Allah tidak akan menerima amal ibadah seorang hamba yang dilakukan bukan karena-Nya. Apalagi jika dilakukan dengan maksud pamer di hadapan orang-orang. Allah mengingatkan kepada hamba-hamba-Nya. Jika buku amal baiknya ingin diterima Allah, penuhilah dengan ikhlas karena-Nya. Bila tidak, Allah tidak akan mau menerimanya.
Bila amal ibadah/saleh yang sudah terkontaminasi oleh virus-virus berbahaya seperti itu, layaknya pakaian kotor di keranjang. Ia berbau dan tidak layak dipakai sama sekali. Dan, tentulah Allah tidak akan pernah menerima amalan hamba-Nya yang seperti itu.
Amal ibadah yang dilakukan langsung kepada Allah atau kepada sesama manusia, hakikatnya harus didasari keikhlasan, tanpa adanya pamer. Allah yang sudah memerintahkan ikhlas kepada kita, “Katakanlah wahai Muhammad! Hanya kepada Allah sajalah aku beribadah dengan tulus ikhlas.” (QS az-Zumar: 14).
Dalam ayat yang lain juga ditegaskan, “Kecuali mereka yang tobat dan berlaku baik dan berpegang teguh pada agama Allah, dan melaksanakan agama mereka dengan ikhlas karena Allah. Mereka itulah bersama-sama kaum mukmin.” (QS an-Nisa: 146).
Amal yang baik—misalnya sedekah—akan menjadi sebuah amalan yang sangat mulia di sisi Allah apabila dilakukan dengan mengendap-ngendap tanpa diketahui orang. Bahkan, tangan kanan bersedekah, tangan kiri yang di sebelahnya pun tidak boleh tahu.
Bukankah akan menjadi kesia-siaan yang sempurna, jika semua amal yang susah payah kita laksanakan, harus berujung di keranjang sampah amal, hanya karena tidak didasari keikhlassan.
Ketika hari kiamat yang dahsyat terjadi, ada tujuh golongan yang akan mendapat perlindungan dari Allah. Satu di antaranya adalah orang-orang yang bersedekah dengan tangan kanannya sedangkan tangan kirinya tidak mengetahui.
Jika bersedekah atau membantu orang lain dengan harta yang kita punya, bukan seberapa besar bantuan tersebut, tapi seberapa ikhlas kita melakukannya.
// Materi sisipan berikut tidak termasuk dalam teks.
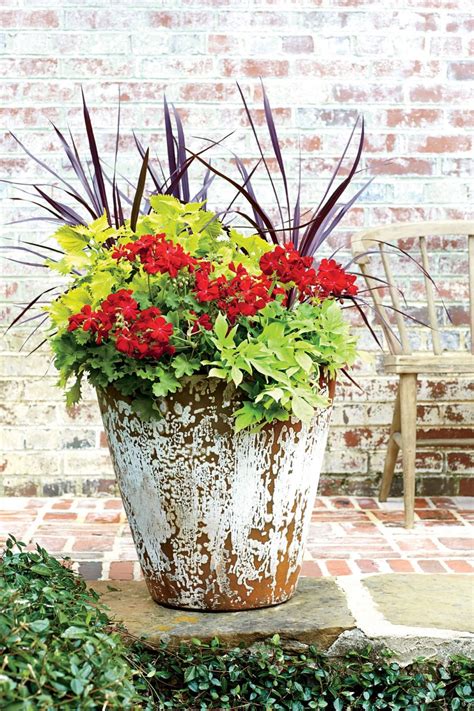 Beautiful Container Plants For Full Sun Ideas - GARDENIDEAZ.COM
Akan menjadi sebuah keberhasilan hati, bila amal ibadah atau sedekah yang kita berikan, terbilang besar disertai keikhlasan pelakukanya, tanpa sedikitpun riya.
Mengenai amal yang terjangkiti virus riya ini, mari tengok pendapatnya Hujjatul Islam Imam al-Ghazali (Ali Usman dkk., 1975).
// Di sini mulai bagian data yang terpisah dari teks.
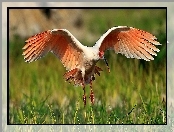 Lato, Rozmycie, Łąka, Ibis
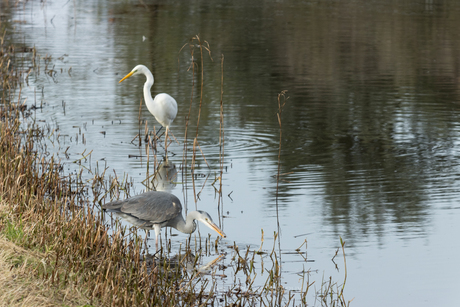 Alle reigers verzamelen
Beliau mengemukakan bahwa para ulama berselisih pendapat tentang hukum amalan yang tidak ikhlas karena Allah yang bercampur dengan riya atau karena hawa nafsu ini. Apakah ada pahalanya ataukah akan mendapatkan hukuman, atau tidak mendapatkan hasil apa-apa.
Para ulama secara bulat menegaskan bahwa amalan yang dilakukan kerena riya semata, akan mendapatkan hukuman. Malahan, riya merupakan penyebab kemurkaan dan siksaan. Adapun amalan yang dilakukan dengan ikhlas karena Allah semata akan menjadi sebab turunnya pahala dari Allah.
Amalan yang kita kerjakan, menjadi sebuah indikasi keimanan dan kepedulian seseorang kepada Allah dan sesamanya. Apabila dengan tujuan semata-mata bertaqarrub (mendekatkan diri kepada Allah), amalan yang dilaksanakan akan dibalas Allah.
Hal ini tergambar dalam firman Allah, “Barangsiapa yang beramal kebajikan sebesar debu, pahala kebajikannya itulah yang akan dilihatnya. Dan barangsiapa yang beramal kejahatan sebesar debu, maka siksa kejahatannya itulah yang akan dilihatnya kelak.” (QS Al-Zalzalah: 7-8).
Semoga kita menjadi hamba yang senantiasa beramal saleh dan beribadah kepada Allah dengan sebaik-baiknya hati, yaitu yang dilandasi keikhlassan. Wallahu a’lam.